The beauty in this is that Artisense’s software is compatible with different combinations of sensors or cameras. It is a low-cost solution that doesn’t rely on GPUs since it requires a fraction of the computing power of other methods. Also, only light-weight data sets are created which can be easily transferred with limited network bandwidth. The data is encrypted and enjoys high standards for IT-Security and data authentication. Artisense enables real and safe autonomy use cases and can be further integrated into a SoC or ASIC.

Use Cases

The spectrum of possible use cases ranges from industrial to daily mobility scenarios. With obstacle avoidance and path planning abilities, robots will be able to perform intelligent long-term scene interactions. Delivery robots in and outside closed warehouse environments can be produced more cheaply by replacing expensive laser-based perception systems. In urban areas, drones can be more autonomously navigated and coordinated individually or in fleets. Autonomous driving and ADAS capabilities and traffic management in smart cities can be further improved to predict better and prevent accidents. In factories, product assembly control and error detection systems are enhanced. Industrial manufacturing robots can be programmed dynamically instead of statically, enabling collaborative robotics with interactions between humans and co-bots.

Artisense is already working on a few of these use cases together with enterprise partners in the mobility and robotics spaces. The team has a strong link to business and research and draws great talent while executing on product and strategic milestones. We have been impressed by the progress the team has made in the short time since we initially talked to them.

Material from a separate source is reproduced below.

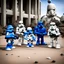 Placeholder: Smurfs meeting Imperial Stormtroopers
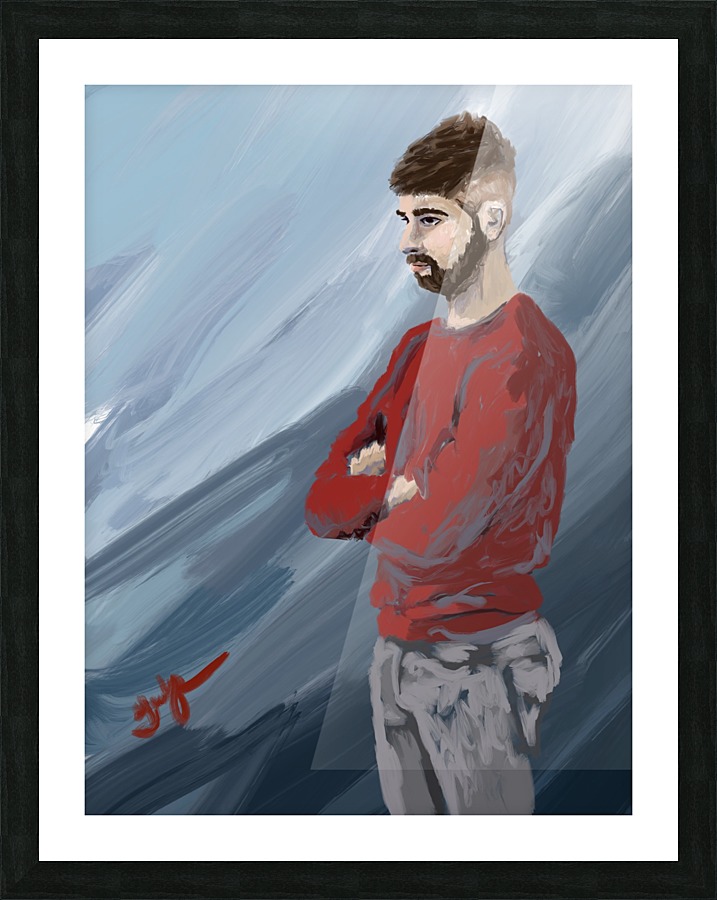 The Red Sweater Picture Frame print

At Project A, we believe in the long-term vision of Artisense. We see SLAM technology as an essential enabler for spatial computing and physical autonomous agents. We want to invest in the development of this technology as it’s only at the beginning of its full potential. The dynamic 3D global map opportunity can create a new multi-billion dollar industry and act as the underlying infrastructure for smart cities and autonomous systems and fleets. In the long-term, this map data can evolve into a utility which is traded via map data marketplaces and used to train machine learning applications.

We are happy to partner up with Artisense and our co-investor Vito Ventures in this financing round. We wish Andrej, Daniel, Till, and the rest of team all the best and are looking forward to witnessing and being part of their accomplishments.


Davison, A. J., Reid, I. D., Molton, N. D., & Stasse, O. (2007). MonoSLAM: Real-time single camera SLAM. IEEE transactions on pattern analysis and machine intelligence, 29(6), 1052–1067.

Engel, J., Koltun, V., Cremers, D. (2018). Direct sparse odometry. IEEE Transactions on Pattern Analysis and Machine Intelligence, 40(3), 611–625.

Engel, J., Schöps, T., and Cremers, D. (2014). LSD-SLAM: Large-scale direct monocular SLAM. European Conference on Computer Vision, 834–849, Springer, Cham.

Krizhevsky, A., Sutskever, I., & Hinton, G. E. (2012). Imagenet classification with deep convolutional neural networks. In Advances in neural information processing systems, 1097–1105.